The existential-ness can be on either the extent side or the element side. Casts can be done, as always, with "as", "as?", or "as!", where the punctuator-less version can't be used when whether a downcast is involved is either yes or unknown.

An array of Derived can be upcast to Base with the same shape or an existentially-compatible one, where Derived and Base are reference types.
An array of T can be upcast to MyProtocol.singular with the same shape or an existentially-compatible one, where T conforms to MyProtocol. The "singular" suffix can be bikeshedded later. Note the original array has elements all of the same type; a [Shape ; Numeric.singular] can be assigned a [Shape ; Int] or a [Shape ; Double], but not a mix. (Said mix of integers and doubles would be a regular [Shape ; Numeric], with no "singular" suffix. Remember that protocols don't conform to themselves so [Shape ; P] doesn't conform to [Shape ; P.singular] unless P is either Error or Any.) Dereferenced elements through the existential would be of MyProtocol. (Hmm, maybe we should let [Shape ; P] conform to [Shape ; P.singular].)

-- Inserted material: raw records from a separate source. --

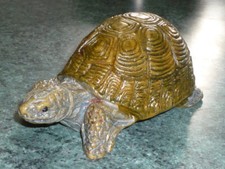 Ancienne tortue hermann d'occasion  Paris VII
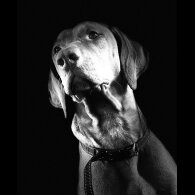 Hungarian Vizsla - Both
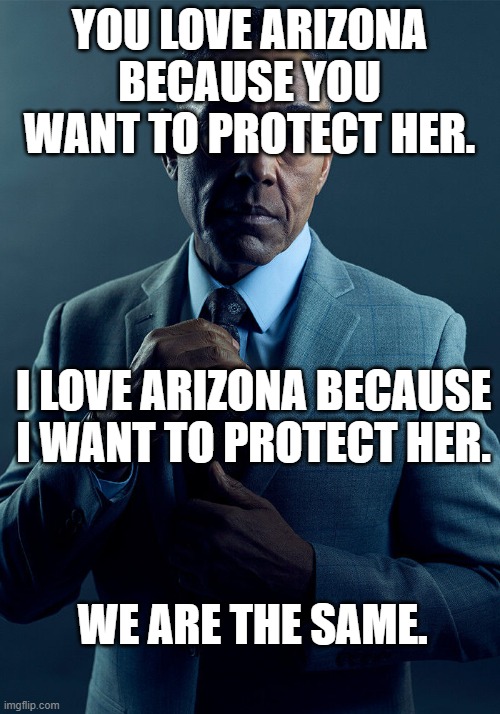 If you see this, please protect Arizona at all costs! (Azur Lane) | YOU LOVE ARIZONA BECAUSE YOU WANT TO PROTECT HER. I LOVE ARIZONA BECAUSE I WANT TO PROTECT HER. WE ARE THE SAME. | image tagged in gus fring we are not the same | made w/ Imgflip meme maker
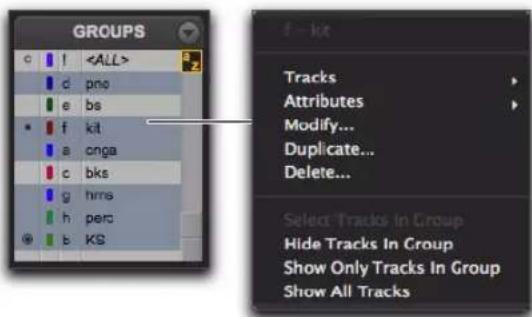 Avid Pro Tools 10.2 - Menus des ID de groupes de pistes et noms de groupes - 1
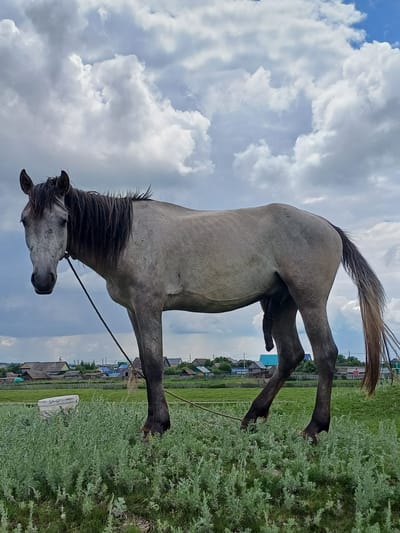 A grey horse stands in a grassy field in Nigamatovo, Russia. The horse is facing left, with its head turned towards the camera. It is tethered by a rope to a stake in the ground. The horse has a dark mane and tail. In the background, there are several houses and trees. The sky is cloudy.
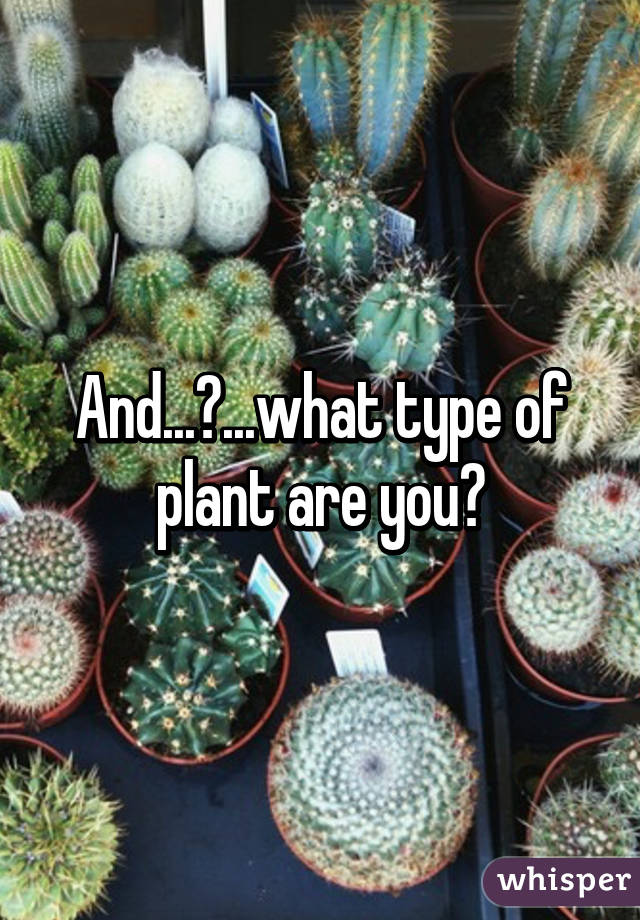 And...?...what type of plant are you?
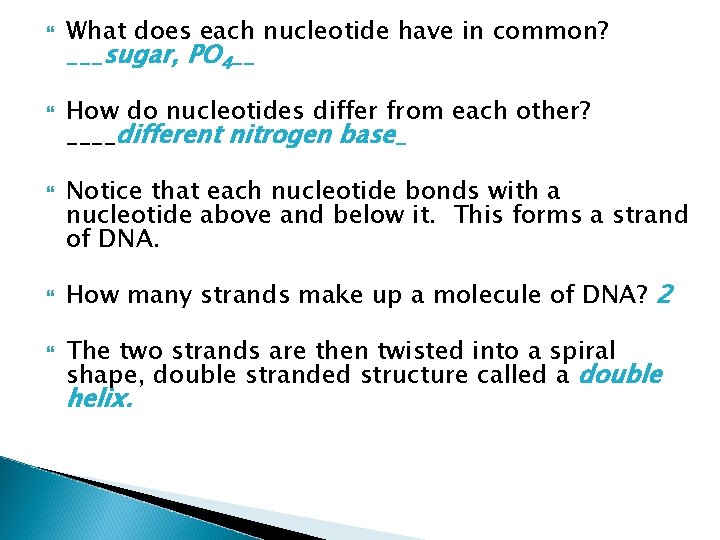  What does each nucleotide have in common? ___sugar, PO 4__ How do nucleotides
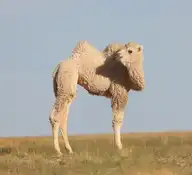 42130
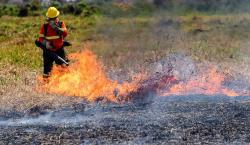 Bolivia reporta seis incendios activos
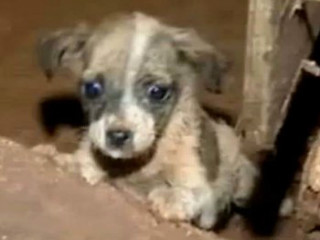 Quatorze filhotes de cachorro morrem de fome após tutora abandonar casa em Londrina, PR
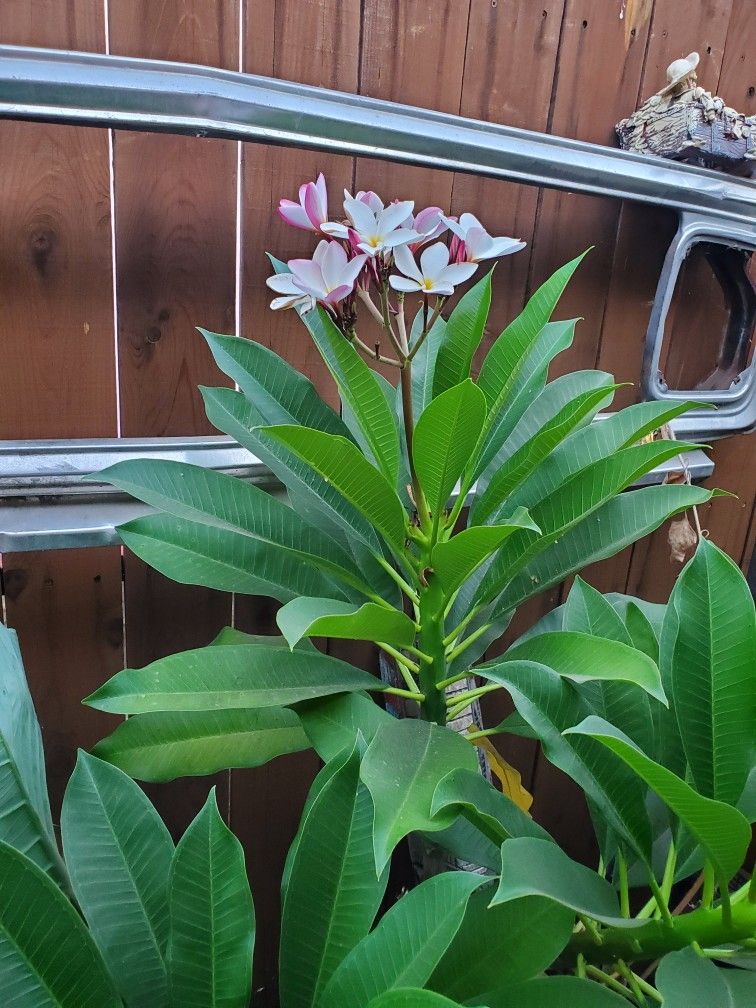 Large Plumeria Plant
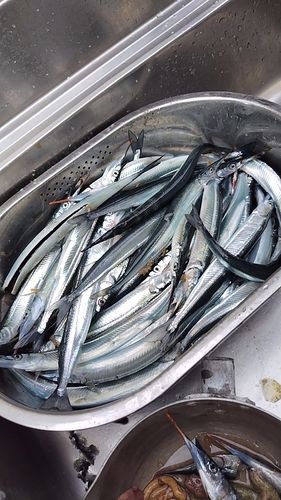サヨリの釣果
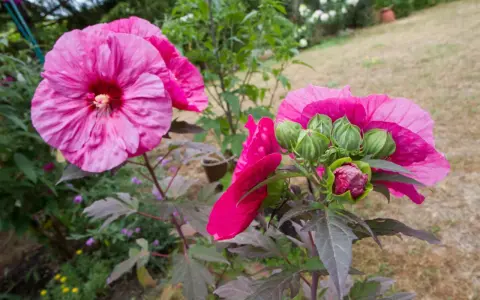 Piękne, różowe kwiaty hibiskusa bagiennego w pełni rozkwitu i pąki gotowe do otwarcia. Uprawa tej rośliny w ogrodzie to prawdziwa ozdoba.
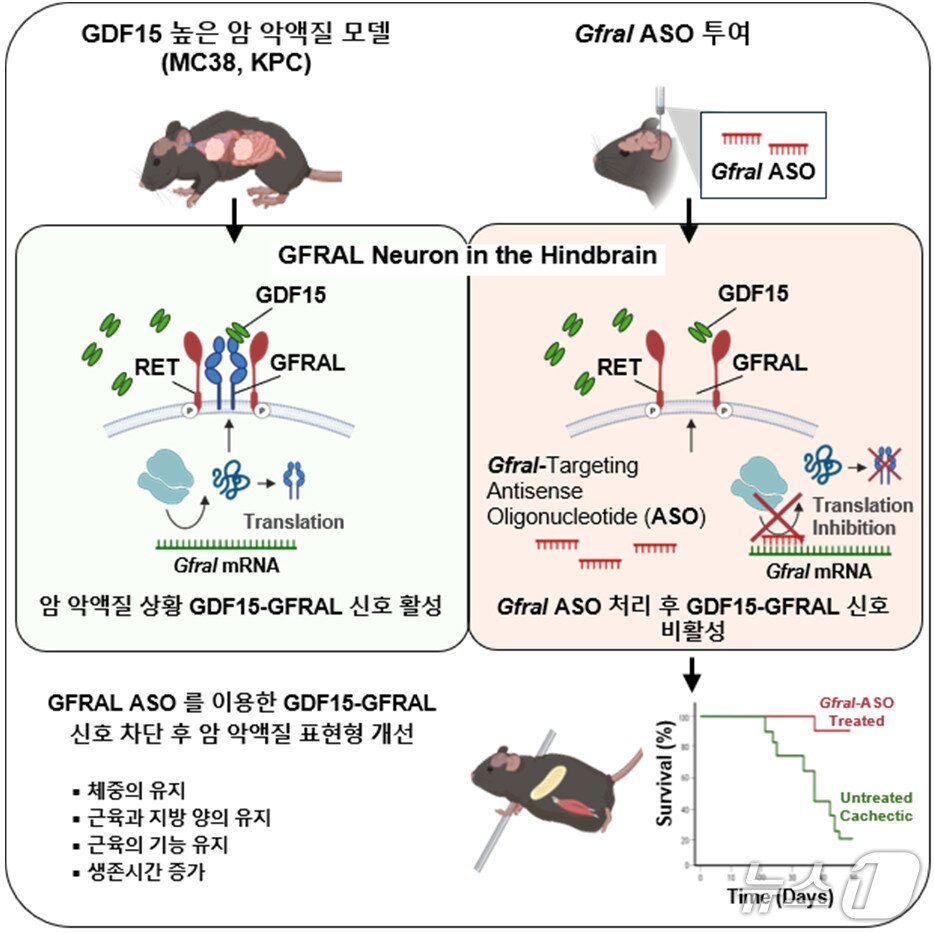 본문 이미지 - GFRAL ASO를 이용한 암 악액질 치료 효과 및 표현형 개선(KAIST 제공) /뉴스1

An array where its shape consists of all numbers can be upcast to one where one or more extent numbers are replaced with a placeholder ("_") with the same element type or an existentially-compatible one. Such existential array types have a dimension-specified existential shape. An array or array existential where all the extents are numbers have a non-existential shape. (Zero-dimensional arrays always have a non-existential shape.)

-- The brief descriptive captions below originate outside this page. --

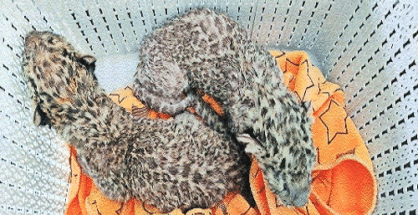 नागपुरातील गोरेवाडा प्राणीसंग्रहालयात दोन मादी बिबट्यांनी 4 बछड्यांना दिला जन्म !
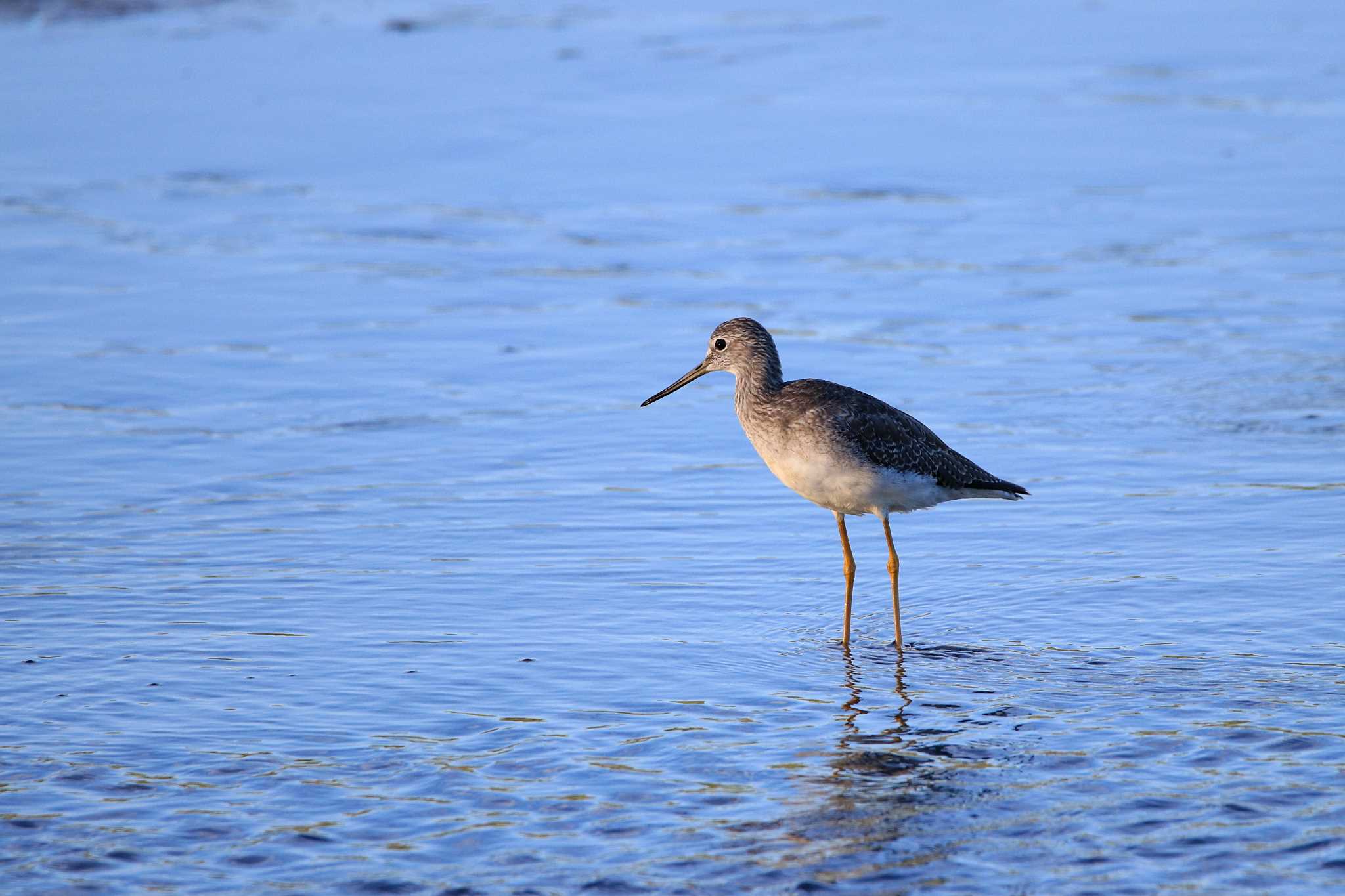 Photo of Greater Yellowlegs at San Jose Estuary(Mexico) by とみやん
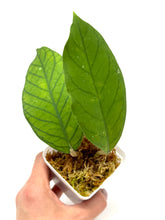 Load image into Gallery viewer, Hoya Meredithii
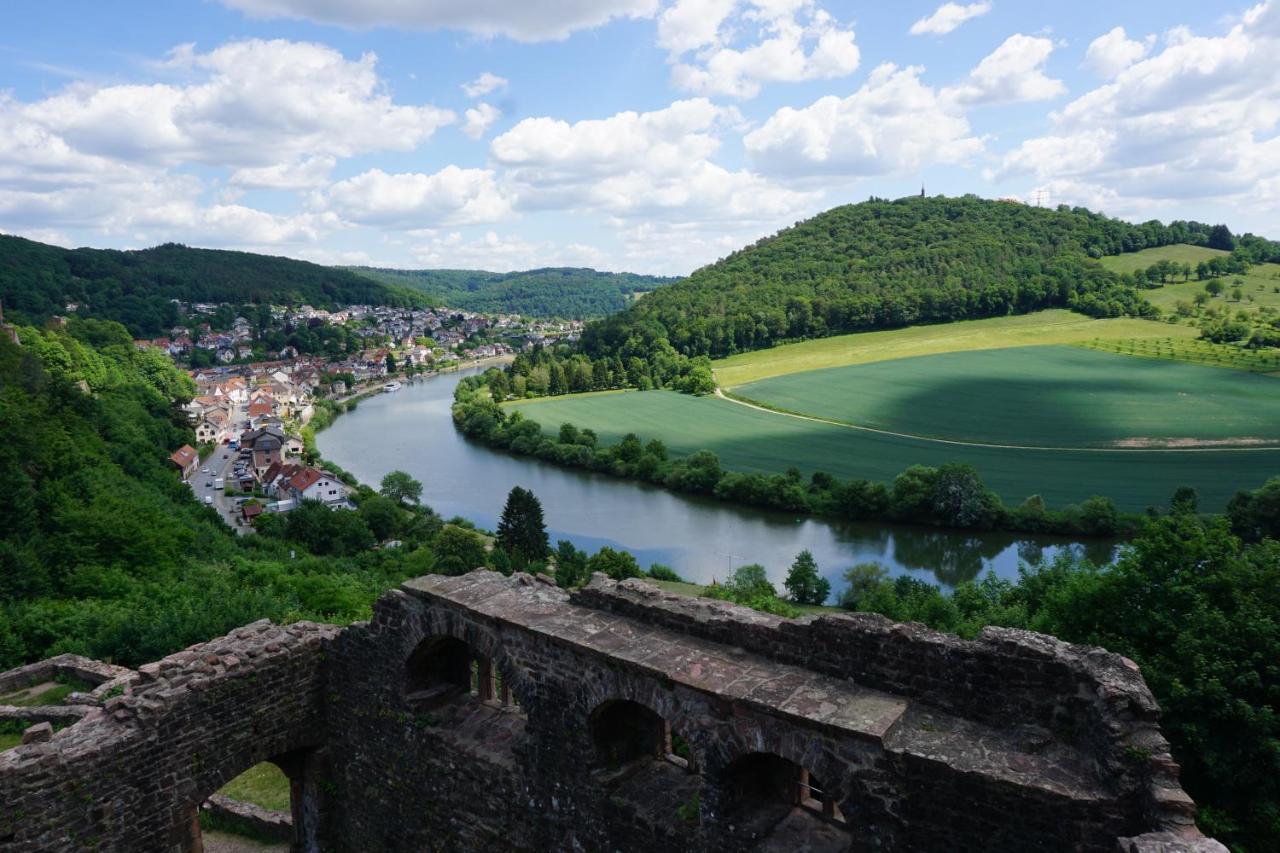 Fewo Am Neckarsteig Mit Anbindung An Heidelberg Neckarsteinach Dış mekan fotoğraf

An array with a dimension-specified existential shape can be upcast to one with more of the definitive extents replaced with placeholder(s) with the same element type or an existentially-compatible one.
An array with a non-existential or dimension-specified existential shape can be upcast to the dimension-agnostic existential shape, with the same element type or an existentially-compatible one. This shape is specified by using the ellipsis ("...") as the extent. (This is the only existential shape a zero-dimension array can transition to.)

Note that these rules mean that [... ; Any.singular] is the top fixed-size array type.

Since extent counts besides 1 are supported, automatic Sequence support would be awkward. But I was about to propose a reworking of the Sequence/Collection hierarchy, and fixed-size arrays could be made to conform to those, where single-dimension arrays could conform to MutableCollection too.